Amber Ibarra spent more than five years as the only female driver at the Odessa UPS Package Center.
"It's been a very long roller coaster," she said.
"There was definitely an environment that was hostile to women," Ibarra's attorney, Holly Williams, said.
Williams says Ibarra endured hellish relationships with the men she worked around at UPS. She describes the facility as having debilitating overtones of sexist mentality, which eventually cost Ibarra everything.
"When I lost my job, they took my livelihood away from me. [They took] my career," Ibarra said.
According to the lawsuit, one male coworker repeatedly subjected her to offensive comments. On one occasion, he even paged her while she was with her mother and when she called him back, she claims he asked her to perform oral sex on him.
Williams says, "You can imagine how humiliating that would be."
That same man, she says, would routinely call her a "[expletive] imbecile" and a "[expletive] idiot."
"Obviously that's just horrifying," Williams said.
Ibarra and a few other female coworkers complained to management, and that male coworker was eventually terminated, but Ibarra says it subsequently led several male employees to retaliate against her.
The lawsuit lists a group of male employees who "do not want women in the workplace because they perceive that men are stronger, quicker, and faster than women, and women are weaker, slower, and have menstrual periods."
Comments about female employees' menstrual periods, we're told, were common. Those comments were graphic and we're told they happened multiple times on a daily basis.
"When you're leaving the UPS office, at this point, and you're out on the road, you're thinking about this stuff all day. It's unsafe because you're upset thinking about how they're kind of setting you up to fail," Ibarra said.
"We're told that women were given extra loads and more packages to deliver and heavier packages, just to give them a 'hard time'," Williams said.
Ibarra says she believes the sex discrimination she endured for so long eventually led to her termination.
It was in the area of 42nd Street and Golder Avenue where Ibarra got into an accident while driving the company truck.

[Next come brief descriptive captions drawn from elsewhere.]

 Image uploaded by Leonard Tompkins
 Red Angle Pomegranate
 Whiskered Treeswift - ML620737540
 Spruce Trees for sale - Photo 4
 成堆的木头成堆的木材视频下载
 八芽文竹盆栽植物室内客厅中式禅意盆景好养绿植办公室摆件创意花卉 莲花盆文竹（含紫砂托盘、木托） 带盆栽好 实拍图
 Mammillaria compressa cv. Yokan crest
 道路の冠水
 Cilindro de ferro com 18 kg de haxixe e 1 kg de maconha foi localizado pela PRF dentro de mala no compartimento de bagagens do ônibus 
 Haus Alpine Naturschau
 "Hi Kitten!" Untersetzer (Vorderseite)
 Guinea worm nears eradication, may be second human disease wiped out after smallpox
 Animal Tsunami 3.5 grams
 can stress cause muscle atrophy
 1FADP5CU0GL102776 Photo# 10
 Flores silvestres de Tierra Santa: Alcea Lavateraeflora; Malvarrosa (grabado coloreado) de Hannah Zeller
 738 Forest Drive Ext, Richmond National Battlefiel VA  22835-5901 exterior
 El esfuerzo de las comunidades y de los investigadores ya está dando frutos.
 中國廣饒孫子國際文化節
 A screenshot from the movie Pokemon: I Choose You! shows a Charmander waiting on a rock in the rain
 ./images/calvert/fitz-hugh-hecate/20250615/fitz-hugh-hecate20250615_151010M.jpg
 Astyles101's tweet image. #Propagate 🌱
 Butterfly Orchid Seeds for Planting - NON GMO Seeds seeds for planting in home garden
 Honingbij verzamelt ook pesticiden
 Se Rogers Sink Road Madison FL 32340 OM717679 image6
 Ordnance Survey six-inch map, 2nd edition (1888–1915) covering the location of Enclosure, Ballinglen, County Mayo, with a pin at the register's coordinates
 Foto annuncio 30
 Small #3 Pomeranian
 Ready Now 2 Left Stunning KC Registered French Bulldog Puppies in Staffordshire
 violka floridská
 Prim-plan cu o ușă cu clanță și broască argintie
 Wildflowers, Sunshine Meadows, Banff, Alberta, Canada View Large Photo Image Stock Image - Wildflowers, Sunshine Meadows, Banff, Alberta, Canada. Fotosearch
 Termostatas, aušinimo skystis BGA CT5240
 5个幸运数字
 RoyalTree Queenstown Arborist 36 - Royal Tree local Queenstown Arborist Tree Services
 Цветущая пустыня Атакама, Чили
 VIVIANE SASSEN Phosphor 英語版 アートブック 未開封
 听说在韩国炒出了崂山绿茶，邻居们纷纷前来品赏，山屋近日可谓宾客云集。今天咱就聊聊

"She hopped a curb and ran into a telephone pole. She was not injured. It was a single-vehicle accident," Williams said.
The accident eventually resulted in Ibarra's termination. She fought back, even taking her dispute to the Union but the decision to terminate was upheld.
The lawsuit references a handful of other male UPS employees who reportedly found themselves in far worse vehicle accidents while driving company trucks but still managed to continue working at the Odessa UPS Package Center.
One man, referenced in the lawsuit, "was involved in an accident involving five vehicles and one fatality" and another man referenced, "fell asleep, ran over and wrecked into a parked car on a highway."
Ibarra is suing for sex discrimination and seeking damages for the money lost during the ordeal and all the emotional stress she says she was put through.
The attorney for UPS tells NewsWest 9, the company doesn't believe it is appropriate to comment on the case until all the evidence is presented in the courtroom.